_WHAT IS NEEDED_
Each line that includes the word "White" should be copied from the records.

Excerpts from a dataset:
--
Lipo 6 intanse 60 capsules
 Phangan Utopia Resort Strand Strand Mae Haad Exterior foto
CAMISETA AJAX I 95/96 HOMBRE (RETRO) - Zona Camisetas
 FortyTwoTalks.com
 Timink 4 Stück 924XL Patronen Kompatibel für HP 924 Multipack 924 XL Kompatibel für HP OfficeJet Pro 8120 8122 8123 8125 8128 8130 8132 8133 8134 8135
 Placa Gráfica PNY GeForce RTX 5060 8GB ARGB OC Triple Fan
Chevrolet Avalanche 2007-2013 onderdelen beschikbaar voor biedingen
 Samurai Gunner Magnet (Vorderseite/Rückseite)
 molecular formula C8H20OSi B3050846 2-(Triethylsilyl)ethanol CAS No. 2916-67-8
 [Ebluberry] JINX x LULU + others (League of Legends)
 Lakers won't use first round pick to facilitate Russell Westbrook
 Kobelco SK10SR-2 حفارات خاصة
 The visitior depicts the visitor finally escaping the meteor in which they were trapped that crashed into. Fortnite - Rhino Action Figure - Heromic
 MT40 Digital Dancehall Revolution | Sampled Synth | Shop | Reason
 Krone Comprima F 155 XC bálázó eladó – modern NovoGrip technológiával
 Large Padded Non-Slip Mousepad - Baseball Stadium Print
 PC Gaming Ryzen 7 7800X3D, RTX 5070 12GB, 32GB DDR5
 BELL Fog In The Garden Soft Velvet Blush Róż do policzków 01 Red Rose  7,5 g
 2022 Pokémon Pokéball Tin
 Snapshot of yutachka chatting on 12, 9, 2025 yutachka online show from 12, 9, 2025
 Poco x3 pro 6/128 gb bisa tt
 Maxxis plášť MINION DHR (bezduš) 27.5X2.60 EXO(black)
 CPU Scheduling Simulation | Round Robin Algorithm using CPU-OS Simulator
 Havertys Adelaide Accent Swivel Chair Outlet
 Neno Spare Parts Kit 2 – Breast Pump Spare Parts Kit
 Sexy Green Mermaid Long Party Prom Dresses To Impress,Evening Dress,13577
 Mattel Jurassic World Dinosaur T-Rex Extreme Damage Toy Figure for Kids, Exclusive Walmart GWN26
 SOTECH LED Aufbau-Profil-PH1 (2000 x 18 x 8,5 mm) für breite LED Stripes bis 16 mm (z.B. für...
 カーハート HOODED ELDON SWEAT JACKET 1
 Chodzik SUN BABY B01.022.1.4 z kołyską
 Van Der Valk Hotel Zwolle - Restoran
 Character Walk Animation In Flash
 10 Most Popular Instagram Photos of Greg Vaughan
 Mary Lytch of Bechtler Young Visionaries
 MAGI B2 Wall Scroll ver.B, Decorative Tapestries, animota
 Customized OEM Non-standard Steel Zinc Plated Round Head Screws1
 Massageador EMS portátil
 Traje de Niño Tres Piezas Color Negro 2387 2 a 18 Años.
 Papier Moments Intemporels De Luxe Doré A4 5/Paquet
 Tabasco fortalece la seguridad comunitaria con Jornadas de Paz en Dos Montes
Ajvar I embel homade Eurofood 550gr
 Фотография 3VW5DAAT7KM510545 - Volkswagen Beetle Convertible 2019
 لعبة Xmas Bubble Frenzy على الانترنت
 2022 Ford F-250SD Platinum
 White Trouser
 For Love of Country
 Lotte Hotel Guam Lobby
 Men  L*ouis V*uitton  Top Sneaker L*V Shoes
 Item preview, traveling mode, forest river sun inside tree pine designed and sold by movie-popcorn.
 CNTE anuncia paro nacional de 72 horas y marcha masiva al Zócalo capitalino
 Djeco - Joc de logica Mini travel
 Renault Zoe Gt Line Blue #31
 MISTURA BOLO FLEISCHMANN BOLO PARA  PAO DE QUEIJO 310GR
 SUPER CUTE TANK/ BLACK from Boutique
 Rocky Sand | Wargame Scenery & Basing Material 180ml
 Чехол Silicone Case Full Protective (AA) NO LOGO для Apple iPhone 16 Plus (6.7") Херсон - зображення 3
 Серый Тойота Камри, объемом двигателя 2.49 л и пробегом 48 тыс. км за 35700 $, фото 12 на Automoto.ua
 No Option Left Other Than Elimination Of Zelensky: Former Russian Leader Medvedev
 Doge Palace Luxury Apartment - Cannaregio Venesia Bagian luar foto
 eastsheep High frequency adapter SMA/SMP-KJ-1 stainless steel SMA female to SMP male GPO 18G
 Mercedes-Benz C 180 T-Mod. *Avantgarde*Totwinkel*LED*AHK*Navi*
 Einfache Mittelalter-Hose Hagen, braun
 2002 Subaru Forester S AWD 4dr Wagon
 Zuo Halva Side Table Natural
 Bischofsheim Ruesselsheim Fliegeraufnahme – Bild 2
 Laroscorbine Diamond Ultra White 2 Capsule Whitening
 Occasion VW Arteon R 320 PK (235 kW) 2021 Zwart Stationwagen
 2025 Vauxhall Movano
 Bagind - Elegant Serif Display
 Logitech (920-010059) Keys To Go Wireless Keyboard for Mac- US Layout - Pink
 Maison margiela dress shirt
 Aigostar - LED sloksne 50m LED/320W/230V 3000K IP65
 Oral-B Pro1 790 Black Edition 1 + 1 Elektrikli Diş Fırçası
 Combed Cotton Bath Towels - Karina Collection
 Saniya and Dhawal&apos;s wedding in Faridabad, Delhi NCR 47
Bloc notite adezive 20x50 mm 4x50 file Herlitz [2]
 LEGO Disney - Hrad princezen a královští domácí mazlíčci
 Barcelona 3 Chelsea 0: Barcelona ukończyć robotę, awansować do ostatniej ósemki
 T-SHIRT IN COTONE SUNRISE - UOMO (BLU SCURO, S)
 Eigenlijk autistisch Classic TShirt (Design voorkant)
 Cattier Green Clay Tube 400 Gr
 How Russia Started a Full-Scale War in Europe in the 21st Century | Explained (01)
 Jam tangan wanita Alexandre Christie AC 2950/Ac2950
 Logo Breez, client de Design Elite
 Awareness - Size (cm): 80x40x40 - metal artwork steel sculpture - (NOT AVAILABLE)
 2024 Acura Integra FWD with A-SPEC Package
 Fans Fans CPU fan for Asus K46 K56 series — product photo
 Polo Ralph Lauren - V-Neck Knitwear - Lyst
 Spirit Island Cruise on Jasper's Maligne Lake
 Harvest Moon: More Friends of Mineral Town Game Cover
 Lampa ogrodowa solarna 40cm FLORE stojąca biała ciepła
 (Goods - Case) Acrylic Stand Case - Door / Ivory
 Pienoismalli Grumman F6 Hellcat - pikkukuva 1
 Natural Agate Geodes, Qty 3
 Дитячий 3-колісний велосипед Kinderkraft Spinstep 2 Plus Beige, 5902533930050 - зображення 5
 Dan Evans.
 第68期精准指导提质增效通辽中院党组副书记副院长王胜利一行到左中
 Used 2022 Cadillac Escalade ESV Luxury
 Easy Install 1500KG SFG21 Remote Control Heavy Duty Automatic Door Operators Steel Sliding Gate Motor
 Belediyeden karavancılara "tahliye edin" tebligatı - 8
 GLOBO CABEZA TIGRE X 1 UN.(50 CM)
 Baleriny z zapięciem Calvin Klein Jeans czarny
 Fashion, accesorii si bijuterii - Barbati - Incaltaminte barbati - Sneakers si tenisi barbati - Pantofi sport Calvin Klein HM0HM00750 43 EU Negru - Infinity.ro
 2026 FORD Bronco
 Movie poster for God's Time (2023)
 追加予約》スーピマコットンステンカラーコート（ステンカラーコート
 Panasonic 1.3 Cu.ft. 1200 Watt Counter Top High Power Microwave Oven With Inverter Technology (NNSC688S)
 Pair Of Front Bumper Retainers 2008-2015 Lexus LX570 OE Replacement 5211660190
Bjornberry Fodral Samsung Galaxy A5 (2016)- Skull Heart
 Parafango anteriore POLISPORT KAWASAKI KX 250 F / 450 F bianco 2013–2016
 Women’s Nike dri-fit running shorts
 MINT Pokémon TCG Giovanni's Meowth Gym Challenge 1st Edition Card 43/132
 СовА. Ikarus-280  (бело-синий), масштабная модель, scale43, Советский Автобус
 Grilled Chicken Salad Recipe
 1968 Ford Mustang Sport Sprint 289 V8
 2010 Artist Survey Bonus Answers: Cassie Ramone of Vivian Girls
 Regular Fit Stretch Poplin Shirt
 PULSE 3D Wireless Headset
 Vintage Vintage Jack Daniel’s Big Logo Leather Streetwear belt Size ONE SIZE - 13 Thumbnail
--
_SOLUTION_
 White Trouser
 Laroscorbine Diamond Ultra White 2 Capsule Whitening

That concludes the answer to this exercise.